Debugging an SMTP Integration in OCaml

For the last few weeks I've been working on a side project to create a small library called tidy_email that makes it easier to send email in OCaml. The repository has some example programs illustrating how to connect to different email services. I wanted to make sure that these programs would fail gracefully if configured with the wrong credentials. But when I ran my example SMTP app with an invalid password, I saw this:

Send failed. Details: Error: Stack overflow

I expected to see some sort of "not authorized" message. Why was this happening? This post summarizes how I debugged this problem.

Context

Among email services (like Mailgun, Sendgrid, and Amazon SES) there are typically two ways for a web application to send email: make a request to a REST API or use SMTP. REST APIs are convenient because they expose more features. In particular, when you provide malformed data, the API can respond with a detailed explanation of what the application did incorrectly. On the other hand, SMTP is advantageous if you already have a mail server, want to integrate with a legacy system, or can't be bothered to write a custom REST API integration.
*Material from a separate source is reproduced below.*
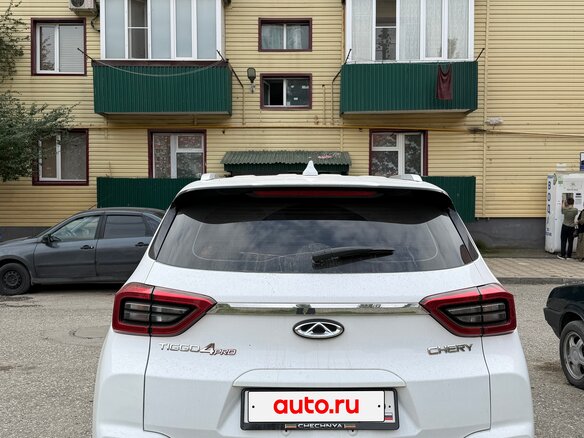 2022 Chery Tiggo 4 Pro I, белый, 1000000 рублей - вид 2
tidy_email provides a simple wrapper around other libraries that handle HTTP requests and/or SMTP. For SMTP, it uses letters, which in turn depends on a library called colombe. At a high level, what I wanted to understand was why letters was experiencing a stack overflow when provided with bad SMTP credentials.

The specific SMTP server I was testing against was provided by Mailgun. I had previously had some difficulties with this server; these came about because Mailgun's implementation doesn't strictly adhere to the relevant RFCs, and I thought something similar might be occurring here.

Gathering Data

I started by cloning the letters and colombe repositories from github. Fortunately, I already had merlin installed for Emacs. This gave me the ability to jump from a function call in my source code to the function's definition (C-c l). It also allowed me to quickly look up types (C-c t). These hotkeys were invaluable for efficiently working with unfamiliar code.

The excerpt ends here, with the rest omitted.